Já para o período iniciado em 2002 e findado em 2006, que guarda bastante semelhanças com o período atual devido ao endividamento público elevado e o custo de rolagem alto, o primário estimado para reverter a inclinação da curva do endividamento público foi de 2,1%. Voltando ao arcabouço aprovado na Câmara, ele passa a vigorar com a previsão de resultados primários de 0% em 2024; 0,5% em 2025 e 1% do PIB no último ano da legislatura, em 2026. A inovação da regra contempla que este resultado flutue entre bandas de 0,25% do PIB para cima, ou para baixo.
Pelos resultados das estimações supracitadas, as metas primárias previstas para o próximo triênio não estabilizam a relação dívida/PIB. Porém, um leitor atento ao contexto fiscal brasileiro da última década pode contra-argumentar que a regra anterior, o Teto de gastos, não produziu durante a sua vigência superávits primários e foi capaz de manter estável o endividamento público.
Este é o momento de direcionar os olhares para a outra dimensão de uma regra fiscal, a macroeconômica. Uma vez aprovada e em vigor, uma regra, fiscal ou monetária, passa a ser incorporada pelos agentes no momento de tomar decisões. No momento de sua aprovação, uma regra fiscal é lida por firmas e famílias como a renúncia do governo que a propõe a um padrão de discricionariedade macroeconômica que produz ineficiência. Não por outra razão o Teto estabilizou a relação dívida/PIB sem produzir superávits primários nos anos de sua vigência. Mas ele foi capaz de administrar bem expectativas com vistas a inverter a inclinação da curva de juros e da inflação.
O Arcabouço tem a chance de produzir efeitos macroeconômicos no presente, semelhantes ao do Teto em 2017, no contexto de sua aprovação. Isso posto em uma economia pautada por expectativas racionais, se o governo é crível e demonstra na sua comunicação propensão a cumprir a regra, outros vetores que influenciam o endividamento público como o custo de rolagem e o próprio PIB podem apresentar melhoras de curto prazo. Neste caso, se as expectativas se ancoram, a relação dívida/PIB pode manter-se estável mesmo diante de resultados primários inferiores aos limiares estimados anteriormente.
Porém, esta credibilidade é difícil de ser conquistada e fácil de ser perdida. Se o governo e os partidos da base irão colocar capital político no cumprimento da regra ainda saberemos. Ademais, o Teto foi concebido e aprovado em um contexto de reformas fiscais mais amplas, como a da previdência, a TLP e outras não aprovadas como a tributária.
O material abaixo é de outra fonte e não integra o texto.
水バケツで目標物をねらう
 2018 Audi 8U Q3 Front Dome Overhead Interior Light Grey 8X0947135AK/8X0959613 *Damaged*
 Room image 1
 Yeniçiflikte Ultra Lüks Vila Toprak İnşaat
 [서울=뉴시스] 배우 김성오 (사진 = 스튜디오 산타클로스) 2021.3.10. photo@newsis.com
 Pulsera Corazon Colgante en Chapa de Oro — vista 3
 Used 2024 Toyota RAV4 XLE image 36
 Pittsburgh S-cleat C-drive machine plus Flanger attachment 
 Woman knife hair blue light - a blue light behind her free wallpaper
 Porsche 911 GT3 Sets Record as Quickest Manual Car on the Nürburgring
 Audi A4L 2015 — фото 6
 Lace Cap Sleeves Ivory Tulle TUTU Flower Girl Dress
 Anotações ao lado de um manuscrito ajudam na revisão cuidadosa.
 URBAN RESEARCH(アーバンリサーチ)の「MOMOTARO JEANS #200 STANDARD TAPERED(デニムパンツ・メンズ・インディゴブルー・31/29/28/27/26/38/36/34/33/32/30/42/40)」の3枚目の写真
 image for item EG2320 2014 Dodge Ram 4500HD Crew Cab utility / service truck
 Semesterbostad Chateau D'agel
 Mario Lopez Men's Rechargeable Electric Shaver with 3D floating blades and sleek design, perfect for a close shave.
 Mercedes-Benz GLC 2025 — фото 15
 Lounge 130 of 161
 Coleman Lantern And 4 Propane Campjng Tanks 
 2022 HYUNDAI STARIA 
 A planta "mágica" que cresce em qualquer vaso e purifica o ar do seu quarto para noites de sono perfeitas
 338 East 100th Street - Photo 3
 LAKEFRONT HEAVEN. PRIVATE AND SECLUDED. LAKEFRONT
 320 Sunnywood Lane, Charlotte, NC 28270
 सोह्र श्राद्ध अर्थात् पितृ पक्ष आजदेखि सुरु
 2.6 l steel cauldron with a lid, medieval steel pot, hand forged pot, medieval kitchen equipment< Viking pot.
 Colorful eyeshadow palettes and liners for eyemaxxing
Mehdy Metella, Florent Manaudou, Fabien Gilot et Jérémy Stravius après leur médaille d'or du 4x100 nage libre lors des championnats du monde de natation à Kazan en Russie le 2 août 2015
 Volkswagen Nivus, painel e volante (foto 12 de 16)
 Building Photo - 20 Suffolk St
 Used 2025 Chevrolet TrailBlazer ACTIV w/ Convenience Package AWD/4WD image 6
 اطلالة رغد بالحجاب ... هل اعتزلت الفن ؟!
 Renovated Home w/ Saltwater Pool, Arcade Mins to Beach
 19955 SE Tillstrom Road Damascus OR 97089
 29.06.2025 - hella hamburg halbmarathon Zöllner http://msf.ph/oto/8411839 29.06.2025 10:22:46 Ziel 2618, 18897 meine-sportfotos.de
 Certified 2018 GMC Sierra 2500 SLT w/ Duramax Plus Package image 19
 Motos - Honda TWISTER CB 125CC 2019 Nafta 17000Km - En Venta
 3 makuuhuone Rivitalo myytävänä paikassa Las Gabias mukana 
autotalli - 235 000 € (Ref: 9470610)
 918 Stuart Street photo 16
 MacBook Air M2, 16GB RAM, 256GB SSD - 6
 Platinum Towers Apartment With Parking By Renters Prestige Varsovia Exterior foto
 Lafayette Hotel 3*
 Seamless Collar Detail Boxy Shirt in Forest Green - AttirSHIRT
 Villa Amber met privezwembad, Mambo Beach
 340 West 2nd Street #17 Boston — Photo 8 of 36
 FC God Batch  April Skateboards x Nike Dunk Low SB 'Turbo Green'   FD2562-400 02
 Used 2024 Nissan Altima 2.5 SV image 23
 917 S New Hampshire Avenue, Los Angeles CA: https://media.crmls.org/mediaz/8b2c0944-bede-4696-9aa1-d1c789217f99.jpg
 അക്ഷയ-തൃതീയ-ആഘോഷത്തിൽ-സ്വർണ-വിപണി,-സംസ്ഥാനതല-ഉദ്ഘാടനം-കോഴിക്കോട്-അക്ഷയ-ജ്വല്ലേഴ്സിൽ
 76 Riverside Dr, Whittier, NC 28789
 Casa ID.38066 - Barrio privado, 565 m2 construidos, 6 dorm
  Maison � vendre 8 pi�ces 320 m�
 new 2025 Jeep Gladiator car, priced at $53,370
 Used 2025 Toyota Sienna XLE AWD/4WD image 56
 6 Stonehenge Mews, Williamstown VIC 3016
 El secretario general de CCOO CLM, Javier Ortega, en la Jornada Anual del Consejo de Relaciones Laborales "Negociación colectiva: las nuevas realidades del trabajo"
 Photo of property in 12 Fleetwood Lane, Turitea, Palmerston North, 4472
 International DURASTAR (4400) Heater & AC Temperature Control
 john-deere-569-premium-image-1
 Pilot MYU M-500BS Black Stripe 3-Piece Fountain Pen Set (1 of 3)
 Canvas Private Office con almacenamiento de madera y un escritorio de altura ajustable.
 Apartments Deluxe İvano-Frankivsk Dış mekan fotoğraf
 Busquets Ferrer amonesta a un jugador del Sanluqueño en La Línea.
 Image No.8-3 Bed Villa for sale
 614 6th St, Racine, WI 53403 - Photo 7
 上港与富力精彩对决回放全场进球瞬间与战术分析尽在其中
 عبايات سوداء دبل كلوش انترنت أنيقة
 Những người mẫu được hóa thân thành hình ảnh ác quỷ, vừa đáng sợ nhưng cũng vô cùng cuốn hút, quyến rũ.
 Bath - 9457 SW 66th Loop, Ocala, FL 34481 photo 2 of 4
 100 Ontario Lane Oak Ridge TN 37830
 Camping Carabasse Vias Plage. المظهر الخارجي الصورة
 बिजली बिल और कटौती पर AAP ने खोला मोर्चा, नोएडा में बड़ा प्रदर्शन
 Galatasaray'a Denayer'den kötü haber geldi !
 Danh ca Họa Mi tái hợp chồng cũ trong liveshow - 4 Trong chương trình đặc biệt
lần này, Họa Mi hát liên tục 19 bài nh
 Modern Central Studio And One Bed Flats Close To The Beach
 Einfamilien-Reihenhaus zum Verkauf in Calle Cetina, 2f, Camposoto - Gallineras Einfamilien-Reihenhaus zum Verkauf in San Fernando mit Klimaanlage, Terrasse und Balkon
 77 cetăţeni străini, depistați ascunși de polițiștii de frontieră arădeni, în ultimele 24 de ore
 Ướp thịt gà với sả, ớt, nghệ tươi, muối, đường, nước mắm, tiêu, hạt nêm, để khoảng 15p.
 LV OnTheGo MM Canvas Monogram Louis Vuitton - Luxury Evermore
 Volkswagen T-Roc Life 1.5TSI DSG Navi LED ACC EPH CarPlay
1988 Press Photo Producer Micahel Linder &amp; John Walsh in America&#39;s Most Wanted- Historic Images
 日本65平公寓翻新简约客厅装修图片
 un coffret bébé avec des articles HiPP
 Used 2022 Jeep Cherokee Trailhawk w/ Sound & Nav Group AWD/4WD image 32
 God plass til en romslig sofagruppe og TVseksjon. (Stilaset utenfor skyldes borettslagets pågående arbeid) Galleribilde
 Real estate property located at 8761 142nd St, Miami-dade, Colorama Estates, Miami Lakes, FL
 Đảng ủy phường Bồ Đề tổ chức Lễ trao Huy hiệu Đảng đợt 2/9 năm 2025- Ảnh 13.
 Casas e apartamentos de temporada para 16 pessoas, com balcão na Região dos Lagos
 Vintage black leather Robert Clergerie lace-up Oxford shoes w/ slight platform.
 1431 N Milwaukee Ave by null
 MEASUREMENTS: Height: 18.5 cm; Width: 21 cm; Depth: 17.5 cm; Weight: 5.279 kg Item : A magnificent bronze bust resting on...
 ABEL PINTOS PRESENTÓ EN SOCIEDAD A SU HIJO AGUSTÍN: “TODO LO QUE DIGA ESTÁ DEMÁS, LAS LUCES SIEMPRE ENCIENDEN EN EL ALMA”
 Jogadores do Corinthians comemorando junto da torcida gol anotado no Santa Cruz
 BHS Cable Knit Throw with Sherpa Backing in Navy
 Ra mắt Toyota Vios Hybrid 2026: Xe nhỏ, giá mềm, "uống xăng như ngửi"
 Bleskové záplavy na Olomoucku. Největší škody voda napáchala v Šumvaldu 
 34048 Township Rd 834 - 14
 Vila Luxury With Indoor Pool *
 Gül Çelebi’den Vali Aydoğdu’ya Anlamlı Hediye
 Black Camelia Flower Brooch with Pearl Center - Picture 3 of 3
Para que o Arcabouço tenha efeitos expectacionais mais duradouros é preciso saber quais as reformas adicionais serão propostas visando a preservação de seus parâmetros a longo prazo. Hoje se vê um claro esforço no sentido de restabelecer receitas, porém a dinâmica do gasto obrigatório ainda é um risco a médio prazo não observado até aqui. É preciso, ainda, afastar os riscos políticos inerentes a uma regra desta natureza que são: i) operar sistematicamente no limite inferior da banda, neste caso as metas implícitas do primário para o próximo triênio se acomodariam em -0,25%; 0,25% e 0,75% do PIB respectivamente, ou ainda ii) de o governo aprovar a regra, porém descumpri-la sistematicamente como vimos acontecer com o Teto e outras regras fiscais.